Because MCE handler will call printk() before call the panic, so
printk() deadlock may happen in this scenario:

CPU A CPU B
printk()
lock(console_owner_lock)
exc_machine_check_user()
irqentry_enter_from_user_mode()
exc_machine_check_kernel() do_machine_check()
irqentry_nmi_enter() mce_panic()
do_machine_check() printk_mce() #A
mce_panic() ...
wait_for_panic() panic()

printk deadlock will happened at #A because in_nmi() evaluates to false
on CPU B and CPU B do not enter the panic() AT #A.

Update user space MCE handler to NMI class context is preferred?

Sincerely
TonyWWang-oc

> So the proposed patch makes sense to some extent. But it only cures the
> symptom. The real underlying questions are:
>
> 1) Should we provide a panic mode read callback for clocksources which
> are affected by this?
>
> 2) Is it correct to claim that a MCE which hits user space and ends up in
> mce_panic() is still just a regular exception or should we upgrade to
> NMI class context when we enter mce_panic() or even go as far to
> upgrade to NMI class context for any panic() invocation?
>
> #1 Solves it at the clocksource level. It still needs HPET specific
> changes.
>
> #2 Solves a whole class of issues
>
> ... while potentially introducing new ones :)
>
> To me upgrading any panic() invocation to NMI class context makes a
> lot of sense because in that case all bets are off.
>
> in_nmi() is used in quite some places to avoid such problems. IOW,
> that would kill a whole class of issues instead of "curing" the HPET
> problem locally for the price of an extra conditional.
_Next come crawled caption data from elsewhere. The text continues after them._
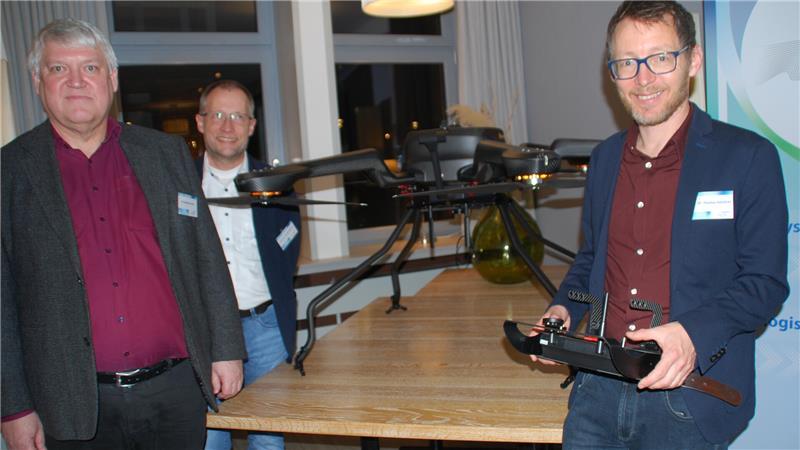 Messung aus der Luft und im Feld - aber keine Endlagersuche nahe Harsefeld Präsentierten in Harsefeld die große Drohne (von links): Die Geophysiker Mattias Körbe, Gerald Gabriel und Thomas Günther.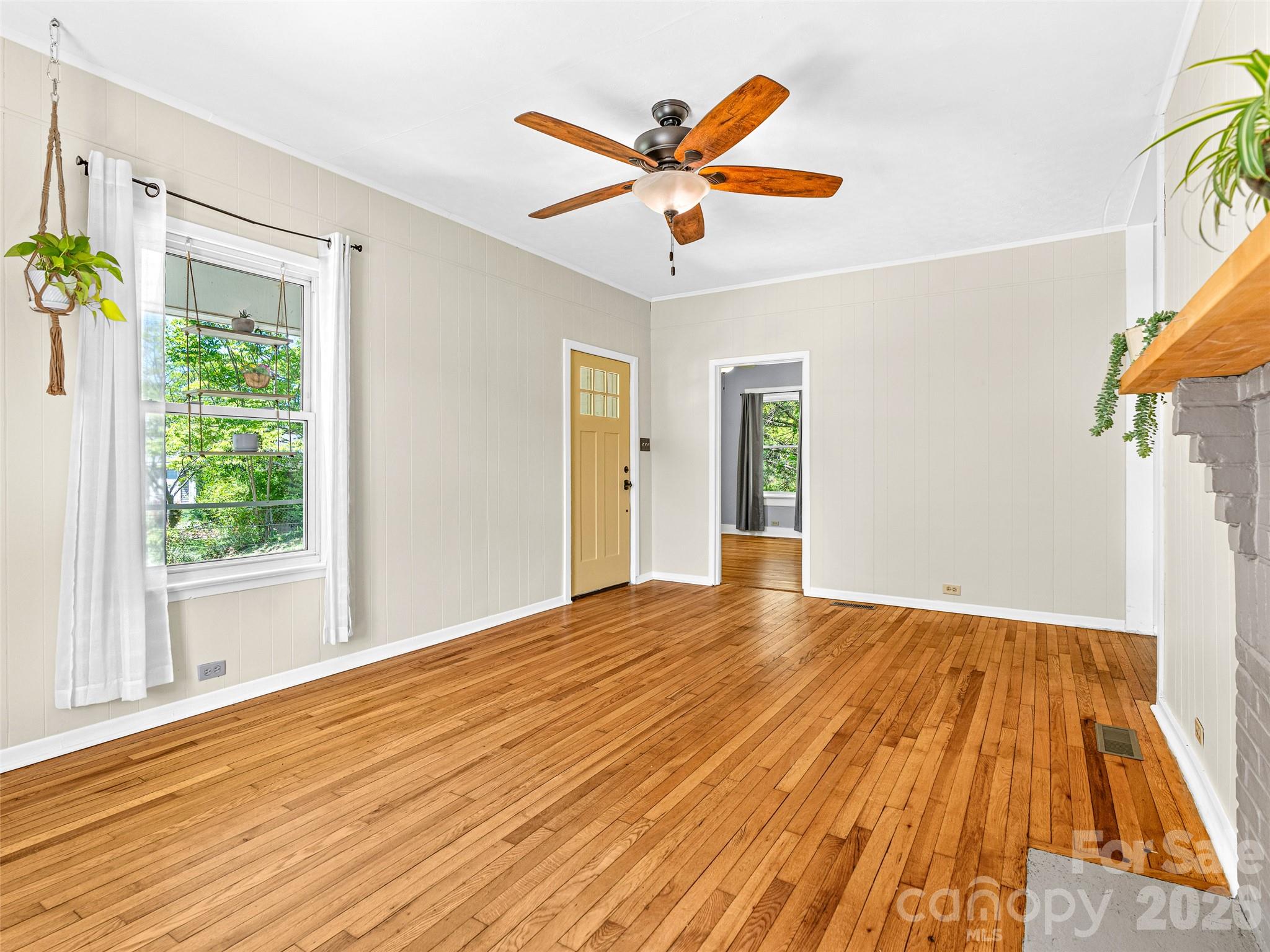 125 Edwards Avenue — Swannanoa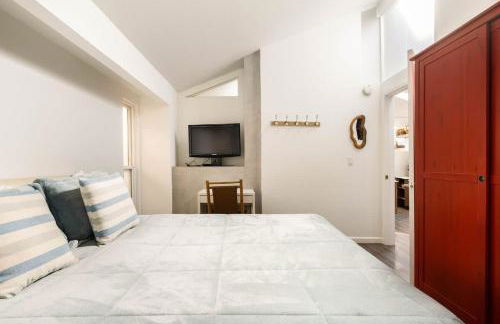 2 bedroom bungalow with hot tub - Photo 7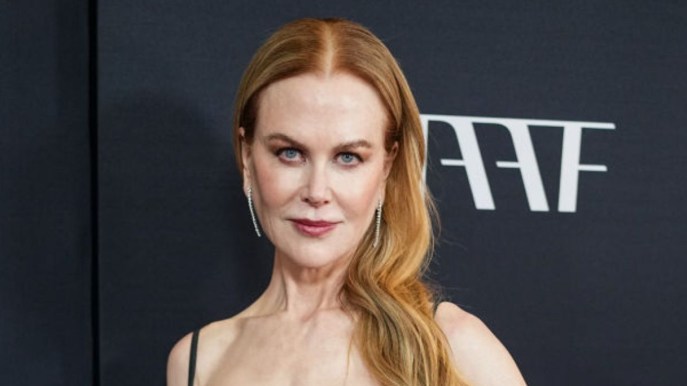 Nicole Kidman strega New York, sfila con la schiena scoperta a 56 anni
Not that the
> extra conditional matters much if HPET is the clocksource as that's
> awfully slow anyway and I really don't care about that.
>
> But I very much care about avoiding to sprinkle panic_cpu checks all
> over the place.
>
> Thanks,
>
> tglx

2024-05-29 06:46:16

by Tony W Wang-oc

[permalink] [raw]
Subject: Re: [PATCH] x86/hpet: Read HPET directly if panic in progress



On 2024/5/29 12:39, Tony W Wang-oc wrote:
>
>
> On 2024/5/29 06:12, Thomas Gleixner wrote:
>>
>>
>> [这封邮件来自外部发件人 谨防风险]
>>
>> On Tue, May 28 2024 at 07:18, Dave Hansen wrote:
>>> On 5/27/24 23:38, Tony W Wang-oc wrote:
>>> ...> diff --git a/arch/x86/kernel/hpet.c b/arch/x86/kernel/hpet.c
>>>> index c96ae8fee95e..ecadd0698d6a 100644
>>>> --- a/arch/x86/kernel/hpet.c
>>>> +++ b/arch/x86/kernel/hpet.c
>>>> @@ -804,6 +804,12 @@ static u64 read_hpet(struct clocksource *cs)
>>>>       if (in_nmi())
>>>>               return (u64)hpet_readl(HPET_COUNTER);
>>>>
>>>> +    /*
>>>> +     * Read HPET directly if panic in progress.
>>>> +     */
>>>> +    if (unlikely(atomic_read(&panic_cpu) != PANIC_CPU_INVALID))
>>>> +            return (u64)hpet_readl(HPET_COUNTER);
>>>> +
>>>
>>> There is literally one other piece of the code in the kernel doing
>>> something similar: the printk() implementation.  There's no other
>>> clocksource or timekeeping code that does this on any architecture.
>>>
>>> Why doesn't this problem apply to any other clock sources?
>>
>> I principle it applies to any clocksource which needs a spinlock to
>> serialize access. HPET is not the only insanity here.
>>
>> Think about i8253 :)
>>
>> Most real clocksources, like TSC and the majority of the preferred clock
>> sources on other architectures are perfectly fine. They just read and be
>> done.
>>
>>> Why should the problem be fixed in the clock sources themselves?  Why
>>> doesn't printk() deadlock on systems using the HPET?
>>
>> Because regular printk()s are deferred to irq work when in NMI and
>> similar contexts, but that obviously does not apply to panic
>> situations. Also NMI is treated special even in the HPET code. See
>> below.
>>
>>> In other words, I think we should fix pstore to be more like printk
>>> rather than hacking around this in each clock source.
>>
>> pstore is perfectly fine. It uses a NMI safe time accessor function
>> which is then tripping over the HPET lock. That's really a HPET specific
>> problem.
>>
>> Though what I read out of the changelog is that the MCE hits the same
>> CPU 'x' which holds the lock. But that's fairy tale material as you can
>> see in the patch above:
>>
>>          if (in_nmi())
>>                  return (u64)hpet_readl(HPET_COUNTER);
>>
>> For that particular case the dead lock, which would actually be a live
>> lock, cannot happen because in kernel MCEs are NMI class exceptions and
>> therefore in_nmi() evaluates to true and that new voodoo can't be
>> reached at all.
>>
>> Now there are two other scenarios which really can make that happen:
>>
>>   1) A non-NMI class exception within the lock held region
>>
>>      CPU A
>>      acquire(hpet_lock);
>>      ...                 <- #PF, #GP, #DE, ... -> panic()
>>
>>      If any of that happens within that lock held section then the live
>>      lock on the hpet_lock is the least of your worries. Seriously, I
>>      don't care about this at all.
>>

Actually, this scenario is what this patch is trying to solve.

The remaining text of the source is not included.